The legal test for the grant of mareva injunctions is conveniently set out in the head note to Bank of New Zealand v Hawkins [1989] NZHC 198; [1989] 1 PR NZ 451, a decision of Justice Gault:


“1. An applicant for a mareva injunction must show that:


(a) It has a good arguable case on its substantive claim. This threshold requirement is more onerous than that normally applied in the case of interlocutory injunctions of a serious question to be determined.


(b) There are assets of the defendant within the jurisdiction to which orders can apply. Providing the plaintiff produces evidence of some assets, if the defendant is not forthcoming by way of disclosure of his assets in ...(Fiji)... the court may infer that this requirement is met.


(c) There is a real risk that the defendant will dissipate or dispose of assets so as to render himself “judgment proof”. Mere assertion of belief that the defendant might dissipate his assets unsupported by solid ground justifying that belief is insufficient. On the other hand, affirmative proof of likelihood of dissipation or of an nefarious attempt is not necessary.”


In addition, Gault J noted (at p.452):


“Finally, against the need to protect the plaintiff so as to ensure any judgment is not rendered barren there must be balanced any prejudice or hardship to the defendant and to third parties. Generally this is a requirement that consideration must be given to the requirement for overall justice in the circumstances.”


It is important to bear in mind Gault J’s observation that the flexibility of the remedy must be preserved (page 454) where justice in a particular case so requires slavish adherence to these criteria is not necessary. The New Zealand Court of Appeal in Shaw v Narain [1992] 2 NZLR 544 confirmed this reasoning.


CONSIDERATION OF THE APPLICATION FOR MAREVA INJUNCTION


[19] I am satisfied that the defendant has assets in Fiji and from the animosity that Mr Abbas Ali now has towards the plaintiff which is abundantly clear from the language used by him in the correspondence leading up to this case and in his affidavit I think he has every intention of carrying out his threat to sell the Project to another investor and refuse to repay the deposit. In this regard, I also refer to the above judgment as to the required proof which I am satisfied has been met:

This requirement may seem well nigh impossible to meet. It almost requires a plaintiff to be able to produce evidence as to the state of mind of the defendant, or proof that an attempt will be made to move assets or money. The courts have traditionally recognized the difficulty of this aspect. Some comfort can be obtained from Third Chandras Shipping Corp v Unimarine SA [1979] 1 QB 645 at page 671 where Lord Justice Lawton said:


"The mere fact that a defendant having assets within the jurisdiction of the ... court is a foreigner or a foreign corporation cannot in my judgment by itself justify the granting of a mareva injunction. There must be facts from which the commercial court, like a prudent sensible commercial man, can properly infer a danger of default ... For a commercial man, when assessing risks, there is no commercial equivalent of the criminal records office or Ruff's guide to the turf."

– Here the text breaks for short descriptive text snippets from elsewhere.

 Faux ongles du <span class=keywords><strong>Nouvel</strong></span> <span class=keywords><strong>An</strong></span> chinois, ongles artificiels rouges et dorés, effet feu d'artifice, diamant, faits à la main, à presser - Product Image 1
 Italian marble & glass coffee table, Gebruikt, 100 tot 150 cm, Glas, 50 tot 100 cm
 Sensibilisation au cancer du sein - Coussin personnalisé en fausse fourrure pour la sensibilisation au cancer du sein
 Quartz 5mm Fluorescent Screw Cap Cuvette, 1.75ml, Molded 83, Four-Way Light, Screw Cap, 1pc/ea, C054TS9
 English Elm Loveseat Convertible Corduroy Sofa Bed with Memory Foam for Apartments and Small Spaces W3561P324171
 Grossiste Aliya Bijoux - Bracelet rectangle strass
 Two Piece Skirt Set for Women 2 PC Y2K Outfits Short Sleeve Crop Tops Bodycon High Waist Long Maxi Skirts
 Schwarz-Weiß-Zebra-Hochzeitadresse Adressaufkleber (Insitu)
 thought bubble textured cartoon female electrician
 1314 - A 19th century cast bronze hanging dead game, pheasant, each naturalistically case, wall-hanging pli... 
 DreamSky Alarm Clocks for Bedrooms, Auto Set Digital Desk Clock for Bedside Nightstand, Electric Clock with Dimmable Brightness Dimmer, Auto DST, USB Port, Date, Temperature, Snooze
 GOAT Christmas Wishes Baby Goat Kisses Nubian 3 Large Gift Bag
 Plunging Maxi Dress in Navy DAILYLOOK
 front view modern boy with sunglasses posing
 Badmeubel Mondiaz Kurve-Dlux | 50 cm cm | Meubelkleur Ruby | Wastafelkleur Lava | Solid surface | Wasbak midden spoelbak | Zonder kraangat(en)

The latter reference for those unaccustomed to Ruff's guide is a gentleman's manual to horse and dog racing.


In circumstances where a plaintiff's claim results from alleged dishonest activity committed by a defendant or a related party such as a director then the threshold for establishing a defendant's likely disposition or disposal of assets is never too high


[20] The plaintiff's application therefore will succeed if his main claim is an arguable case, "that is a case which is more than barely capable of serious argument and yet not necessarily one which the judge believes to have a better than 50% chance of success": per Winter J in Interval Holidays (supra).

[21] I think the plaintiff was quite entitled to ask for the engineering and other information to enable it to certify as required by the Contract. Without such information, irrespective of whether an engineer was appointed or not, certification would not have been possible. I think Mr Abbas Ali's assertion that the provision of such information was no concern of his under the Contract cannot be correct because the works are to be carried out by his company and its engineers and consultants and they were the only ones who would have access to the information. I think the plaintiff has a more than 50% arguable case that it was not in breach of the Contract. That is all I need to be satisfied of for the purposes of this application and wish to make no more comment on the other aspects of this case.

[22] Finally, I need to consider the overall justice of the case. If the defendant is correct in its assertion that it has completed 50% of the works as required by the Contract, which work is paid for from the plaintiff's first deposit, then the defendant would be getting a windfall gain if it sells the Project to someone else and makes itself "judgment proof". Also, the sale of the Project to someone else may also defeat any claims which the plaintiff may have in respect of the land in question. On the other hand, Mr Abbas Ali has said in his affidavit that if the second deposit was not paid he would have to obtain further finance, which suggests that he could, to finish off the works and obtain a 99 year lease which would be worth considerably more.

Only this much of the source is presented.